By the mid-20th century, the association between diabetes and a range of degenerative conditions—including neuropathy, retinopathy, and nephropathy—was already recognized. However, the precise link between these complications and glycemic control had not received sufficient attention. Belgian physician Jean Pirart published a 30-year longitudinal study in 1977 (first in French, translated into English in 1978) analyzing glycemic control and complication status in 4,398 diabetic patients. Over the first 25 years of the study, nearly 21,000 examinations were conducted. The number of patients and the duration of follow-up were unprecedented at the time. Pirart and his colleagues' findings revealed the association between glycemic control and complications, and demonstrated the potential to reduce complication risk through better blood sugar management.

▲The Genentech research team in the laboratory (Image source: Reference [2])

The U.S. FDA approved synthetic human insulin in 1982. It was the first product manufactured using genetic engineering to be approved by the FDA. This was not only a major advance in diabetes treatment but also a breakthrough in biotechnology, laying the groundwork for FDA approval of more therapeutic recombinant proteins. Today, the FDA has approved over 100 recombinant protein therapies.

▋1987: Uncovering the Role of Incretins

In 1986, the first large-scale randomized controlled trial aimed at reducing the incidence of type 2 diabetes through behavioral interventions (including healthy diet and/or exercise) was launched in Da Qing, China. The study enrolled 577 individuals with impaired glucose tolerance, who were randomly assigned to a control group (n=138) or one of three lifestyle intervention groups (n=438): diet, exercise, or diet plus exercise. The intervention period lasted 6 years.

After 6 years, the cumulative incidence of type 2 diabetes was 67.7% in the control group, 43.8% in the diet group, 41.1% in the exercise group, and 46% in the diet-plus-exercise group.

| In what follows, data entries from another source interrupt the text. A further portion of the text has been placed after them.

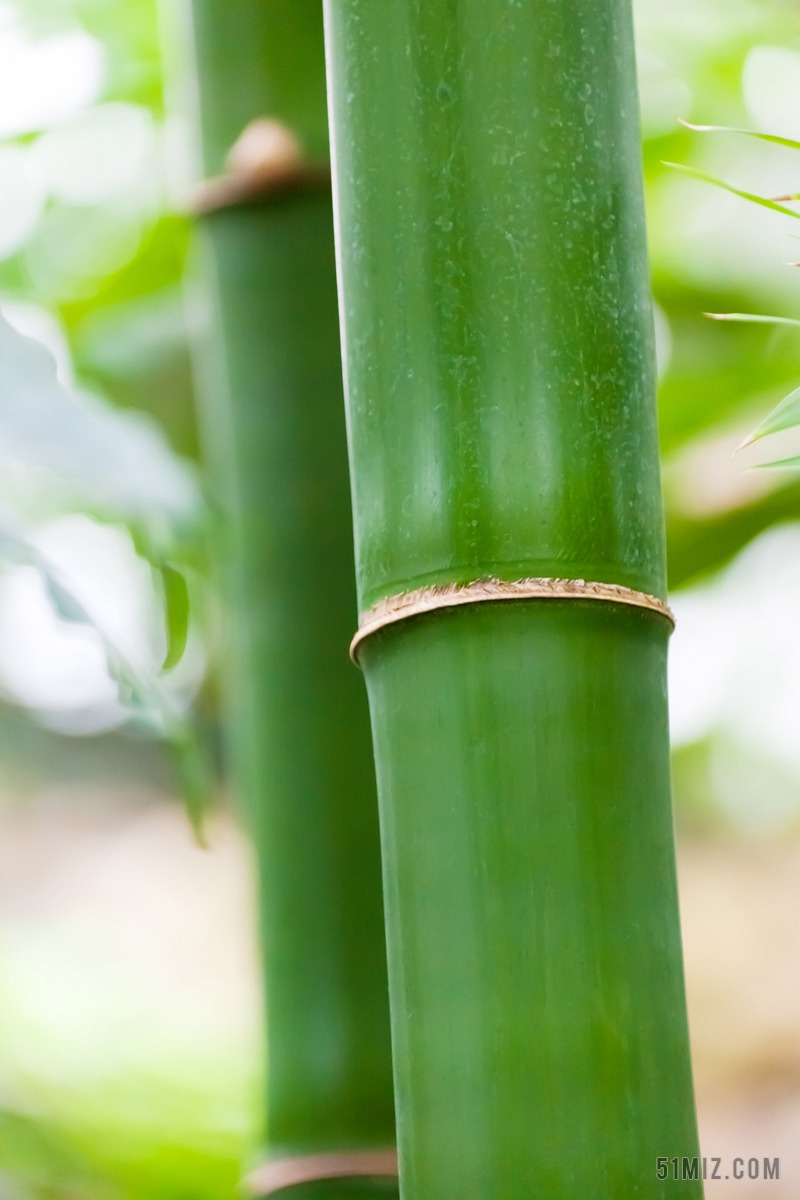 植物 植物区系 自然 绿色 新鲜 详细 干 特写 棒 枝杈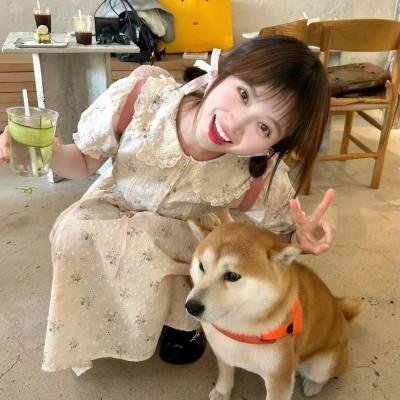 坏情人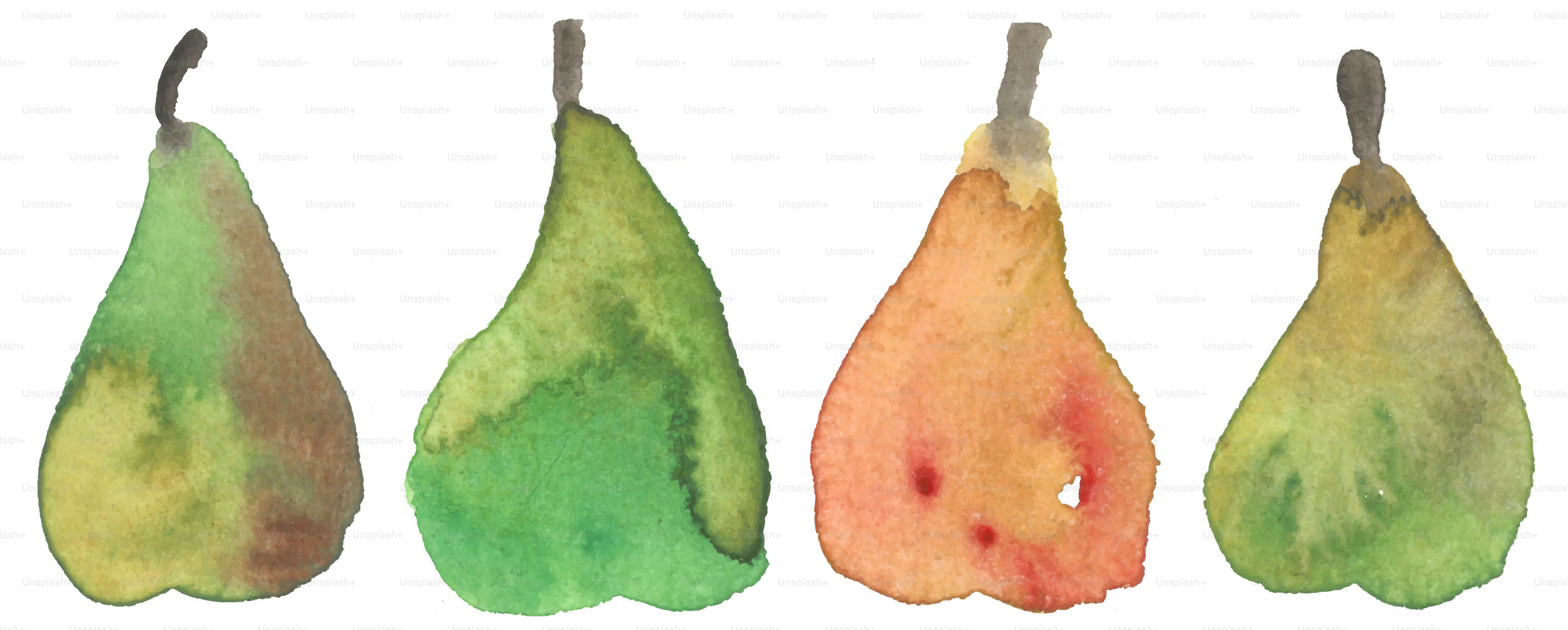 Four watercolor pears in various colors on white.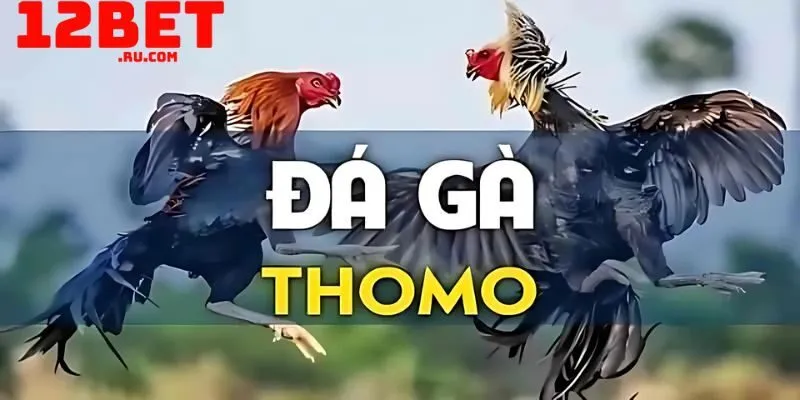 Đá gà Thomo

This study demonstrated that a healthy diet and/or exercise could reduce the risk of developing type 2 diabetes.

In 2019, the 30-year follow-up results of the Da Qing Diabetes Prevention Study were published in The Lancet Diabetes & Endocrinology. The study showed that compared with the control group, the combined intervention group experienced a median delay in diabetes onset of 3.96 years and a 39% reduction in diabetes risk (HR 0.61, 95% CI 0.45–0.83; p=0.0015).

▋2006: Advancing Stem Cell Therapies for Diabetes

The establishment of the first human embryonic stem cell line in 1998 opened the door to using stem cell therapies for a variety of diseases. Type 1 diabetes is particularly well-suited for this strategy, as transplanting insulin-producing pancreatic β cells into patients could provide a long-term therapeutic effect, and even the possibility of a cure.

In 2006, a research team from Novocell (now Viacyte) published a paper in Nature Biotechnology describing the differentiation of human embryonic stem cells into endocrine pancreatic cells capable of secreting multiple hormones, including insulin and glucagon.

In 2008, the same team demonstrated that transplanting pancreatic endoderm derived from human embryonic stem cells into mice led to the differentiation of glucose-responsive endocrine cells in vivo, and showed that these cells could help protect the mice from hyperglycemia.

▋2014: "Artificial Pancreas" Systems Transform Patients' Lives

For patients with type 1 diabetes, maintaining blood glucose levels within the normal range can delay or prevent complications. However, the burden of having to monitor blood glucose multiple times a day and calculate insulin doses accordingly is significant.

Advances in continuous glucose monitoring systems and insulin delivery devices have finally enabled the development of "artificial pancreas" systems that combine glucose monitoring with insulin delivery. These systems use algorithms to calculate insulin doses and automatically administer the drug, greatly reducing the burden on patients.